Medication Guide App

Chicory

Scientific Name(s): Chicorium intybus L. Family: Asteraceae (daisies)

Common Name(s): Blue sailor's succory , chicory , wild succory

Uses

Chicory leaves and roots are used as a vegetable. Roasted roots are ground and brewed. Chicory is a sedative with potential cardioactive properties. Chicory's oligosaccharides are probiotic and are beneficial in maintaining healthy GI flora. Inulin type fractions of the plant may help certain conditions including constipation, diarrhea, cancer, and cardiovascular disease. Chicory has also been noted as an appetite stimulant and for dyspepsia.

Dosing

There is no recent published clinical evidence to guide dosage of chickory. Typical doses of the herb in classical use are 3 to 5 g/day.

Contraindications

Contraindications have not yet been identified.

Pregnancy/Lactation

Documented adverse effects (emmenagogue and abortifacient effects). Avoid use. 1 , 2

Interactions

None well documented.

Adverse Reactions

Contact dermatitis and various allergies have been reported. Significant contraceptive activity was observed in female rats orally administered seed extracts and other fractions of chicory. In case of gallstones, consult with a physician before taking chicory.

Toxicology

Toxic contamination with foreign substances or bacteria has been noted.

Botany

Chicory is a perennial plant indigenous to Europe, India, and Egypt. It was introduced to the US in the late 19th century. It grows as a weed in temperate climates and is widely cultivated in northern Europe. There are 2 principal types: The Brunswick variety has deeply cut leaves and generally spreads horizontally; the Magdeburg variety has undivided leaves and grows erect. Chicory has bright blue flowers that bloom from July to September. The dried root is the primary part of the plant used.

History

In cultivation, chicory roots are “forced” during the fall and winter to produce 2 types of leaves used as greens: Barbe de capucin and witloof (or French endive). The leaves of young plants are used as potherbs, in which case they are cooked like spinach.
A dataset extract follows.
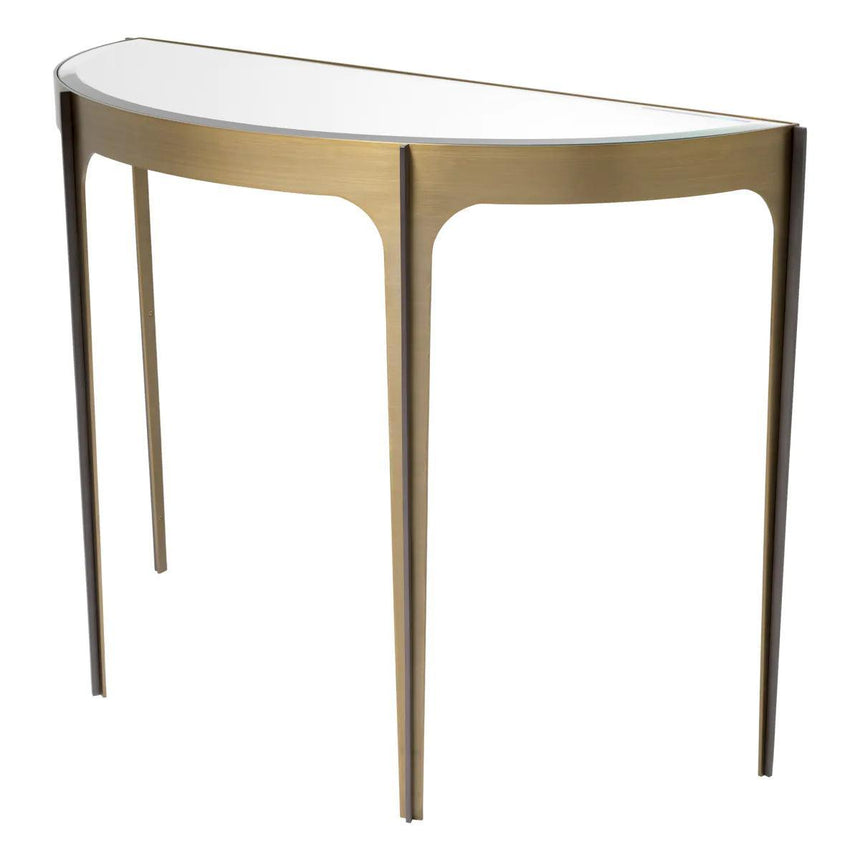 Artemisa mirrored glass console table with brass legs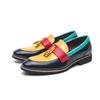 Mocassini Casual da Uomo in Pelle - Design Retro Color Block con Nappine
Leaves of older plants, when blanched, are used like celery. Chicory roots are boiled and eaten with butter. They are also roasted and used to add a bitter, mellow taste to coffee and tea or used as a substitute for coffee. Chicory is on the FDA Generally Recognized as Safe (GRAS) list.

Chemistry

Chicory flowers contain cichoriin, which is 6,7-glucohydroxycoumarin. The roots contain up to 8% inulin (a polysaccharide), a bitter principle consisting of 1 part protocatechuic aldehyde to 3 parts inulin, as well as lactucin and lactucopicrin. 3 Constituents of the greens include chicoric acid (dicaffeoyl tartaric acid), flavonoids, catechol tannins, glycosides, carbohydrates, unsaturated sterols and triterpenoids, sesquiterpene lactones, and tartaric acid. 4 , 5 Leaf proteins from chicory greens have also been reported. 6

The root contains a large number of steam-distillable aromatic compounds. Acetophenone provides the characteristic chicory aroma. Upon roasting, inulin is converted to oxymethylfurfural, a compound with a coffee-like smell. 5 Fructan:fructan 6G-fructosyltransferase (6G-FFT) was found to be an important enzyme in the formation of inulin. According to 1 report, introduction of 6G-FFT from 1 plant into chicory resulted in inulin synthesis. 7 Chicory is the source of the taste-modifier maltol, which is known to intensify the flavor of sugar.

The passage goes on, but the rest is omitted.